The question is what will the married name be?  Hmm. Temptation to be very silly is very great. What’s the accent you need to make a long A?

Hebden Blog Club

Monday night saw the 2nd meet up of the new-born Hebden Blog Club at B@rplace. Lively discussion centred around a couple of topics, which could be summarised as how to get more readers and/or how to make fame and fortune from your blog.  Robert has put together some thoughts and ideas on his blog, Society Fabric, which is interesting.

Some of the talk – both on the night, and later, discussing with OH – was about why should you do anything to get readers, or higher Google rankings, or whatever. Is it just vanity, or subverting the medium to want to monetarise or pursue popularity?  A lot of the people in the group seem to make a living from writing, in one way or another, so for them, time spent blogging may necessarily be time spent not writing something which will pay their bills. So if you could have a magic trick to make your little old blog instantly famous and flooded with readers, who would then commission you to do other things, or buy your book, or whatever, then it’s be a good thing.  A lot of the blogs I have listed from hebden are actually attached to businesses – so even if they are not directly selling anything, then hopefully the blog is a useful publicity stream for fabulous products, as well as being an interesting insight into the way things are made, or how the businesses are set up or run.  I hope the people writing them are doing it at least 60% for their own benefit though, as it would be sad for it to be thought of as a chore.

The question is – why are you blogging? Is there a point?  I blog primarily for myself.

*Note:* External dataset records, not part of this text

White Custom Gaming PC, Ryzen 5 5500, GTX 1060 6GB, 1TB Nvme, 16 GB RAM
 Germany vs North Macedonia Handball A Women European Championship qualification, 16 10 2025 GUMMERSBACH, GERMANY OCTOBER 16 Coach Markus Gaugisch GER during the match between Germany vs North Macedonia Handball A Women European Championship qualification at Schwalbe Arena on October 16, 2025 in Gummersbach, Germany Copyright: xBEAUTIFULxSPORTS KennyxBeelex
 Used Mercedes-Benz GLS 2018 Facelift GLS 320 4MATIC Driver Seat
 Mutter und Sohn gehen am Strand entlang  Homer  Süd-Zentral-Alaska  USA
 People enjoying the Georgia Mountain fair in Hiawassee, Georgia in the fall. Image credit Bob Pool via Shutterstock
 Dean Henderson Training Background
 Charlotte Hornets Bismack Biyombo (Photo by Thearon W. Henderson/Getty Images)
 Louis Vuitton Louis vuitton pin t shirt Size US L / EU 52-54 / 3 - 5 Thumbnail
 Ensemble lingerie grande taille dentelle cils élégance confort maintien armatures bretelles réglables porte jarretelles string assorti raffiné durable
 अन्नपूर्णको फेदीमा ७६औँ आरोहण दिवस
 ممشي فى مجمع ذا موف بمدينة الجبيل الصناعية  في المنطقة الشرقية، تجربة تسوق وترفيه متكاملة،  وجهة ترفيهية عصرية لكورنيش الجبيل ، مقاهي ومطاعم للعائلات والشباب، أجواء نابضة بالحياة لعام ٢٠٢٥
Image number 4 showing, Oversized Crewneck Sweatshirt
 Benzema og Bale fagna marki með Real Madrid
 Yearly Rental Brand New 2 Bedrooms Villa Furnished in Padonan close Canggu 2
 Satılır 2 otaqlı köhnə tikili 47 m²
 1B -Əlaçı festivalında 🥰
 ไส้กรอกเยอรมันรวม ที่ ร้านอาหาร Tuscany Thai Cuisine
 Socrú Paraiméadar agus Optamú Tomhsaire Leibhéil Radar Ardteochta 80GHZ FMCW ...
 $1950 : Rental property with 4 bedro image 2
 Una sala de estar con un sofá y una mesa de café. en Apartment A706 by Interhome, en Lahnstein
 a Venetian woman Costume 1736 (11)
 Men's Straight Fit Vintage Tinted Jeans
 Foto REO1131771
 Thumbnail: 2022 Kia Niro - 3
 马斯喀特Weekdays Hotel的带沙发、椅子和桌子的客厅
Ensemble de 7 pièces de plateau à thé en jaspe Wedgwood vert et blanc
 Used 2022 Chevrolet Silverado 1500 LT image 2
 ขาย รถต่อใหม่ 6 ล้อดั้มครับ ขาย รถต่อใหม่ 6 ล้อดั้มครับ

There’s something about it that I like. It’s not quite diary, not quite website. I can witter away, share things, keep track of interesting stuff, and if someone else out there reads and finds something interesting or useful in what I have said then hooray.  I do like to get comments, but I’ve never got a great many, even on my old blog which was to some extent better “optimised” than this, and gets more hits.  If I would like to get more readers it’s to increase the chance of getting comments, or being interesting to someone. But I have no expectations of fame or fortune, I just don’t write anything that interesting or good.

However. If your answer to “why are you blogging?” is for example “to raise awareness of x” then obviously, the more readers you get, the more awareness you raise.  “To improve may understanding of y” – the more people who comment, the more you may learn. “to get people to use my service / buy my product / like my work” – then there comes the money and the fame.

Whatever you’re writing for, you have to think, who do you want your readers to be – and then provide them with content to suit. Do what it is you do to the best of your abilities, and communicate with people.  Use Twitter to publicise, and find others who are interested in the same things as you. Read other similar blogs or websites, learn from them, and comment on them. Respond to their posts with posts of your own, and be yourself. If you deserve popularity, I’m fairly certain it will find you.  But don’t push too hard. I personally hate the over-use of Twitter for marketing.  If that’s all someone ever tweets about, I’m likely to unfollow.  If someone sells, but also tweets personally, that’s ok – but if I say “I need some new shoes, these ones have a hole in them” @Shoediscountstore yelling “50% off Manolo Blahniks in Minneapolis” at me is not part of any conversation I need to have.

Tagging and SEO and whatnot are all very good – but it’s content that matters. Imagine you’re walking through town and you see adverts everywhere for a new florist. You follow them, and find a beautiful shop front, painted green with beautiful pictures of flowers, and signs detailing “Gladioli, Lilies, Roses, Hyacinths, Bluebells, Agapanthus, Alium, Tulips”, and yet when you go in, all you find are some wilted daffodils and a potted geranium – you’re going to leave and never go back.